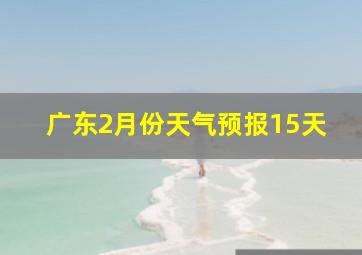 广东2月份天气预报15天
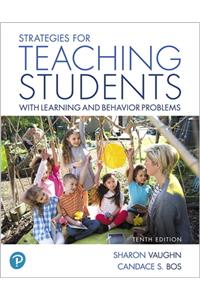 Strategies for Teaching Students with Learning and Behavior Problems Plus Mylab Education with Pearson Etext -- Access Card Package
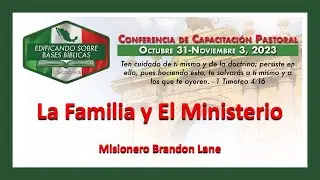La Familia y El Ministerio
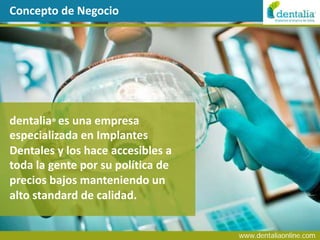 Concepto de Negocio




dentalia® es una empresa
especializada en Implantes
Dentales y los hace accesibles a
toda la gente por su política de
precios bajos manteniendo un
alto standard de calidad.


                                   www.dentaliaonline.com
 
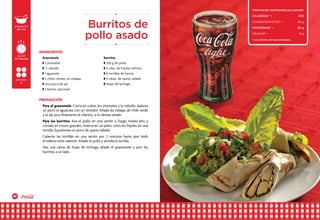 48 49
Para el guacamole. Corta en cubos los jitomates y la cebolla. Aplasta
un poco el aguacate con un tenedor. Añade las rodajas de chile verde
y la sal; pica finamente el cilantro, si lo deseas añadir.
Para los burritos. Asa el pollo en una sartén a fuego medio-alto y
córtalo en trozos grandes; reserva en un plato. Unta los frijoles en una
tortilla. Espolvorea un poco de queso rallado.
Calienta las tortillas en una sartén por 2 minutos hasta que todo
el relleno esté caliente. Añade el pollo y enrolla la tortilla.
Haz una cama de hojas de lechuga, añade el guacamole y pon los
burritos a un lado.
Guacamole
w 2 jitomates
w ½ cebolla
w 1 aguacate
w 2 chiles verdes, en rodajas
w Una pizca de sal
w Cilantro, opcional
Burritos
w 200 g de pollo
w 4 cdas. de frijoles refritos
w 8 tortillas de harina
w 4 cdtas. de queso rallado
w Hojas de lechuga
preparación
20 min
porciones
4
cocción
10 minutos
INGREDIENTES
PREPARACIÓN
Burritos de
pollo asado
Información nutrimental por porción
CALORÍAS* •	 370
carbohidratos* • 	 49 g
proteínas* • 	 26 g
grasaS* •	 8 g
*Los valores son aproximados.
 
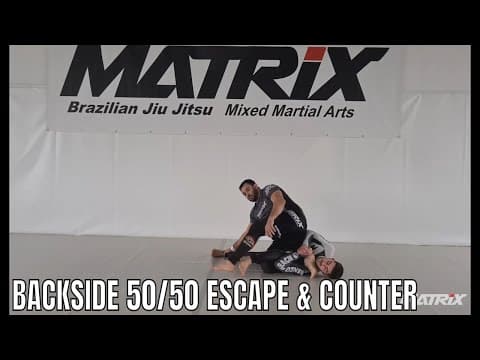 How to Escape and Counter the Backside 50/50 - Matrix Jiu Jitsu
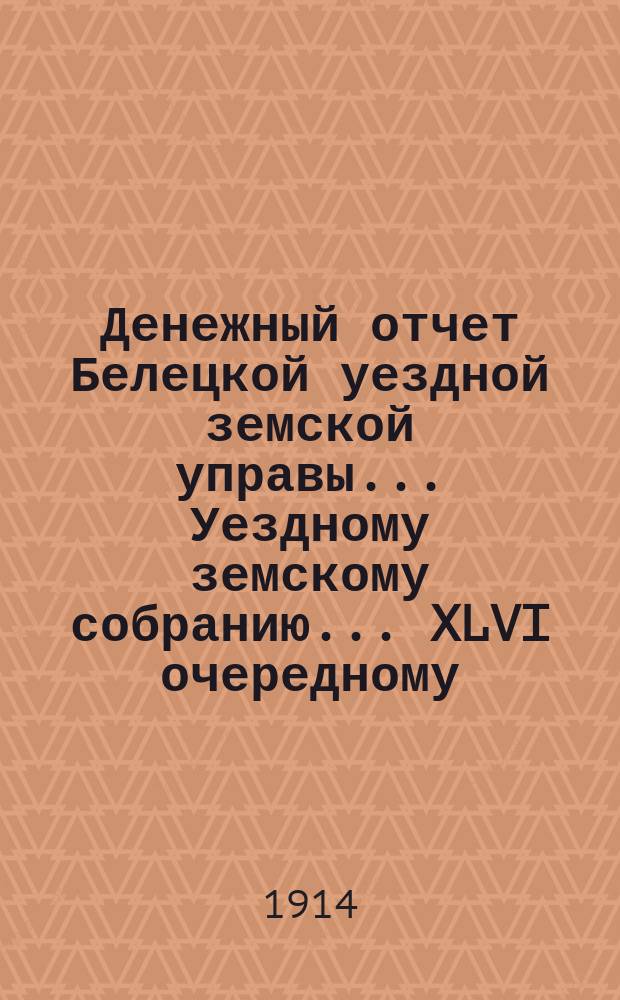 Денежный отчет Белецкой уездной земской управы... Уездному земскому собранию... XLVI очередному... за 1913 год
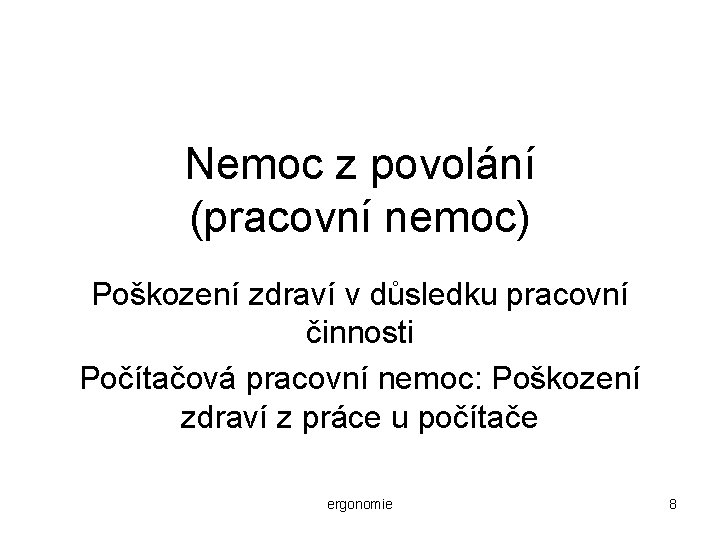 Nemoc z povolání (pracovní nemoc) Poškození zdraví v důsledku pracovní činnosti Počítačová pracovní nemoc:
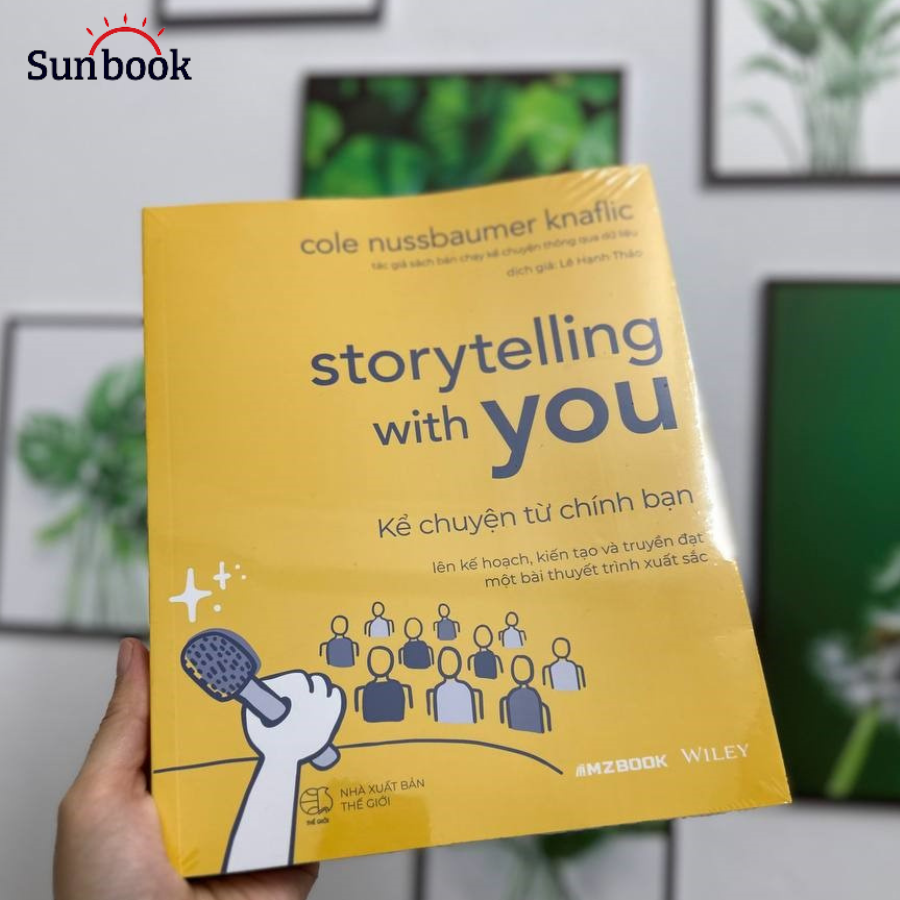 Sách - Storytelling With You - Kể Chuyện Từ Chính Bạn - Lên Kế Hoạch, Kiến Tạo, Truyền Đạt Một Bài Thuyết Trình Xuất Sắc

# # # # # # #

= WHAT THE TASK REQUIRES =
If a line of the material contains the word "queso", pick it out and copy it.

= OUTPUT OF THE EXERCISE =
tortilla. Espolvorea un poco de queso rallado.
w 4 cdtas. de queso rallado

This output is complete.